時系列価格から計算したピークからボトムまでの例です。

入力結果注記
価格 100、105、110、108、95、85;投資 $10,000MDD 22.73%;ピーク $110.00;ボトム $85.00;損失 $2,272.73最悪の下落は最初の価格からではなく、110のピークから85までです。
価格 100、120、80MDD 33.33%;ピーク $120.00;ボトム $80.00新高値の後に急反落する例です。
価格 80、100、90、70MDD 30.00%;ピーク $100.00;ボトム $70.0080から100への上昇でピークが更新され、その後下落します。

最大ドローダウン計算の使い方

  1. 価格またはポートフォリオ価値を古い順に、カンマまたは空白で区切って入力します。
  2. 必要に応じて初期投資額を入力し、割合を金額損失に換算します。
  3. 「計算」を選び、最大ドローダウン、ピーク、ボトムを表示します。
  4. ピークとボトムが系列で想定する最悪の下落に一致するか確認します。
  5. 別の価格履歴を貼り付ける前に「リセット」を使います。

最大ドローダウン計算 FAQ

最大ドローダウンはどう計算しますか?

計算機は更新ピークを追跡し、各点で (ピーク − 現在値) / ピーク を測定します。

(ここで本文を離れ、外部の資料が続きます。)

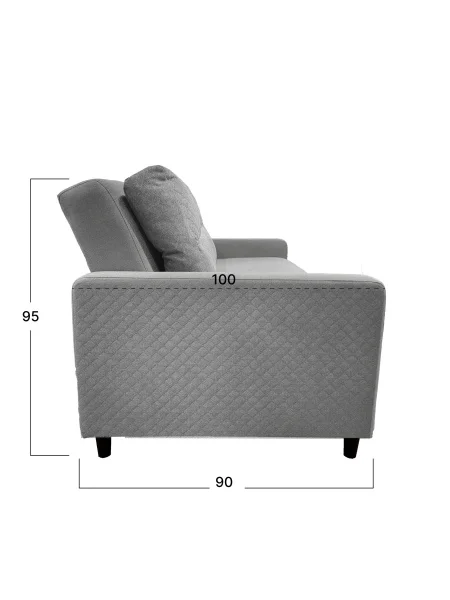 Диван Ручеек 1Н Биг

最大ドローダウンは、そのピークからボトムまでの割合の最大値です。

価格の順番は重要ですか?

はい。ドローダウンは経路依存なので、同じ数値でも順番が違えばピークとボトムが変わります。古い観測値から入力してください。

任意の投資額欄は何をしますか?

最大ドローダウンに開始額を掛けて金額損失を推定します。割合、ピーク、ボトムだけが必要なら空欄にしてください。

最大ドローダウンは将来損失の予測ですか?

いいえ。入力した系列での最大下落を示すだけです。特に標本が短い場合や危機を含まない場合、将来の下落はさらに大きくなる可能性があります。

価格とトータルリターンのどちらを使うべきですか?

測定したいリスクに合う系列を使ってください。トータルリターンには配当が含まれますが、通常の価格には含まれません。混在させると結果が歪みます。